R.E.B.E.L.S. No. 18 – I was a little worried for this title once the extended Starro the Conqueror storyline was over but it looks like Brainiac the first has made a remarkably seamless transition from the Superman books. Now I’m just worried because it’s a book that I like, so frequently a mark of death.

The Unwritten No. 15 – The literary conspiracy that is lurking in the shadows of this book has hatched a plan to capture Wilson Taylor by publishing a terrible fantasy novel under his name, thus luring him out of hiding. My question is: is it wrong for me to be enjoying the terrible cliché-fic so thoroughly? Because I find it both terrible and magnificent in its terribleness.

The Stuff of Legend Vol. II Part I – I’ve read/watched a surprising number of books/comics/movies that feature beloved childhood toys coming to life and roaming about, and I think that I might just be the best of the lot. I’m pretty sure that there is going to be a fantastic payoff at the end of this, something about the relationship between children and their toys. In the meantime, it fulfills two important criteria by being 1. extremely well-written and 2. a treat for the eyes. Also: who knew that a book operating almost entirely on the sepia colour scale could look so… colourful? Rich? Something like that.

Age of Reptiles No. 4 – While I am very sad that this latest miniseries is over, I rejoice in the fact that it contains what is quite possibly the best dinosaur fight in any comic ever. Richard Delgado is the champion of dinosaur comics – I can only hope for another Age of Reptiles series soon.

Daytripper No. 8 – I’m torn! This is such a marvellous comic that the fact that there are only two issues left should be haunting my dreams, yet the end of the series means that I will be able to sit down with the whole thing – hopefully in a big ‘ol softcover collection – and read it in one sitting. I am certain that this issue has seven or eight times more callbacks to prior instalments than I picked up on. Having the earlier issues on hand instead of buried in a box somewhere would be especially nice with this issue, as it’s the first one not to feature main character Brás. Instead, this issue showcases his impact on the lives of the people around him, all of whom we’ve met before. Hfreio

Booster Gold No. 34 – This issue is about one hair away from being completely gratuitous JLI goofiness, but it’s got Blue Beetle, Mister Miracle and Big Barda and they’re all not dead, so I’m willing to forgive.

Orc Stain No. 4 – The problem with this many good comics coming out in one week is that I run out of superlatives. Have I used magnificent yet? No? Orc Stain is magnificent.
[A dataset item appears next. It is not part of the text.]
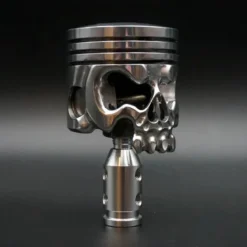 Halloween Decor Metal Skull Shape Stainless Steel Molding Car Gear Shift Knob Cover, Automatic Manual Transmission Shift Knob Selector Fits Most Automatic Vehicles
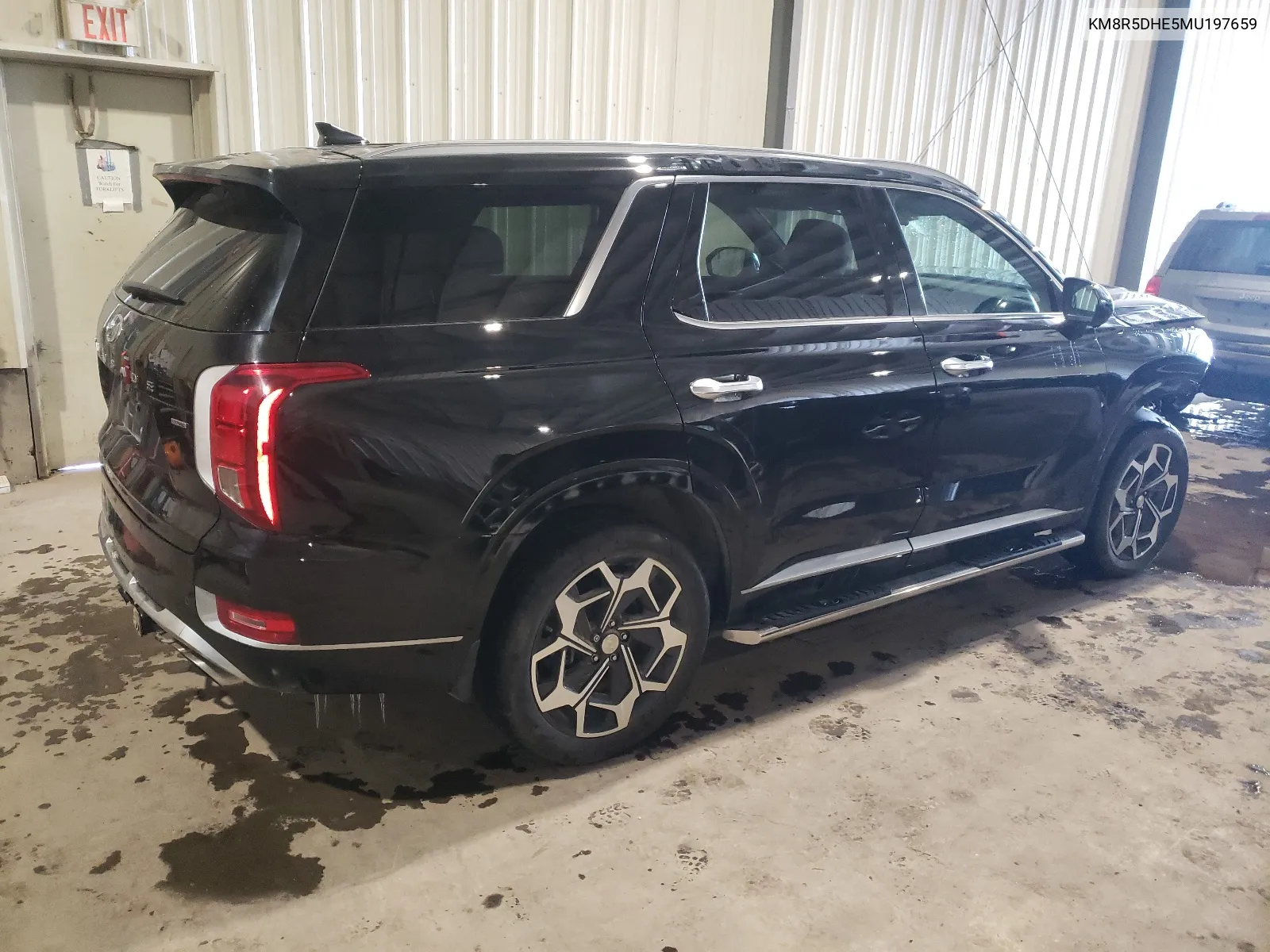 2021 Hyundai Palisade Limited VIN: KM8R5DHE5MU197659 Lot: 70308542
If you ever think that you might like to borrow money from me, try to time it to a week that this comic is coming out – I’ll probably still say no, but I’ll do it with a smile on my face.

The Sixth Gun No. 1, Officer Downe, Silver Agent No. 1 - I have squandered my time and these three worthy comics must make do with the briefest of reviews. In order: Old West occult action done right, super-pretty super-violence and one of my favourite characters gets to shine in a very fun comic. 

John Buys Comics: Why Doesn't John Remember Last Week's Reviews?

Brevity is once again the order of the day! Uh, not because I’m drunk again, though. No, this time it’s simple procrastination - if I don’t curtail my wordcount I won’t write anything at all.

 

Captain Long Ears, by Diana Thung

In common with Calvin and Hobbes: a young boy has crazy imagination-fueled adventures with a stuffed 

animal. Crazy space hijinks.

Unique to this book: a compelling and more-accurate-than-usual look at the emotional life of a child, a very cool combination of imagination-adventures and reality. An obsession with poop, including one of my favourite poop jokes of all time (on the last page). An ending that manages to be happy without being sappy. Just terrific on all fronts.

Justice League: Generation Lost No. 2

It’s only the second issue, so I may be completely wrong, but at this point [Generation Lost] looks like it has a far better chance of hauling the DCU out of the rape-and-murder hole that it’s had one foot stuck in for the last few years than its biweekly sibling Brightest Day, if only due to the fact that the latter’s narrative arc (at 10% completion, natch) looks like it’s going to involve things getting bad and then better. All of the returned characters are going to have some terrible trials and tribulations and then emerge triumphant and the mass happy ending is going to change things FO-EVAH.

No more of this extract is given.